This gave way to the Silver Age of comic books with crew cuts and “chemicals and

lightning that could have been a song for a band. ” Morrison attributes Barry Allen’s

transformation into the Flash to this moment in history. Eleven years later, things tipped

the other way, towards the cosmic and psychedelic: “In 1966, the cosmic wave entered

the comics, to bring with it the gods of Thor, villains like the Anti-Matter Man, and John

Broome’s psychedelic Flash stories. The new heroes were anti-establishment ‘freaks’ and

mutants.” (302) What Morrison is talking about here is in the sunspot activity that shifts

every eleven years; cultural trends change between the orderly crew-cut nature at the

dawn of the Silver Age of comics. The embodiment of that age was Barry Allen, the

Kabbalah-like Flash who is blond-haired, blue-eyed, and a police scientist who could run

faster than the speed of light. When things changed in 1966, Stan Lee’s socially aware

Marvel Comics grew in popularity alongside the civil rights movement. These were the

anti-establishment “freaks and mutants” as Morrison says, like the X-Men and Iron Man.

How does this astrological indexing of cultural history connect with the teachings

of Pico della Mirandola? Borchardt writes that magic has always been a part of popular

culture,

Every indication suggests that conjuring and prognostication have always


been a part of the European scene, as they are of most cultures, that fortune tellers
30

and potion brewers as a class have very much more in common with their
counterparts in other times and places than they have unique and specifying
characteristics. (Borchardt 61).

This concept of conjuring and fortune-telling is something that has been handed

down through the European generations and has a rich history from at least as far back as

Pico.

In this case, Morrison, as a humanist, reinvents ancient wisdom to be redeployed

in his art, something Borchart says is important in Pico’s Renaissance magic: “What

makes Renaissance magic a Renaissance phenomenon is, at least in part, its share in the

humanists’ compulsion to return to the sources, the claim to have rediscovered, restored

and drunk at the lost and forgotten spring of ancient wisdom.” (62).

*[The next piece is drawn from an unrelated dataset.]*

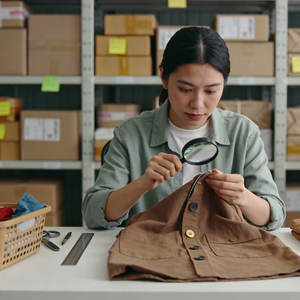 Agent d'achat, Agent maritime Chine-France, Agent d'expédition de petits colis, Service de ramassage - Product Image 3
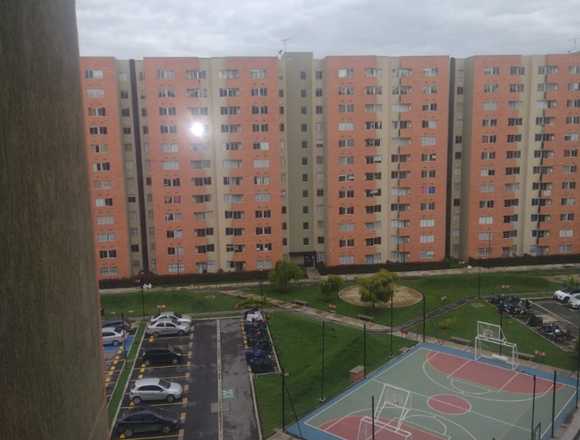 Vendo apartamento en Madrid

This comes through in Animal Man, the very first series Morrison worked on in

American comics. In the fifth issue, a kind of Prometheus-myth allegory, “The Coyote

Gospel,” we open on a Wile. E. Coyote-type character as he falls off a cliff after being

foiled once again by the Road Runner, but this time the coyote falls into “our” reality

smashing end from end against the cliff, breaking limb after limb and even settling with

the trademarked dust cloud upon landing on the ground. In this issue a few things change:

Morrison goes from aping Alan Moore’s style of storytelling, which usually focuses on a

real-life issue (in this case: animal rights) and makes use of grave-narrative captions and

internal monologues. In the fifth issue, Morrison moves away from this manner of

storytelling, replacing Moore’s style with an omniscient narrator; and even though the

tone is very serious, the pictures within the book are absurd. This gives Timothy Callahan

the idea that Morrison is an absurdist, and engages against Alan Moore who is an ironist

(Callahan 70).
31

This change of approach adds pathos to the Coyote character, and it certainly tied

into a Moore-like animal-rights theme of the first storytelling arc5, but Morrison goes in

another direction entirely. In this single issue, Crafty the Coyote, confronts the “God” of

his universe, “[whom] we see only parts of: gingham pants, short-sleeved shirt, wrist

watch, and paintbrush. Crafty challenges this ‘God’ to end the suffering and violence in

his world and offers his own life in trade for the peace he desires. The bargain causes

Crafty to be reborn in Buddy Baker’s world as a flesh-and-blood creature.” (71)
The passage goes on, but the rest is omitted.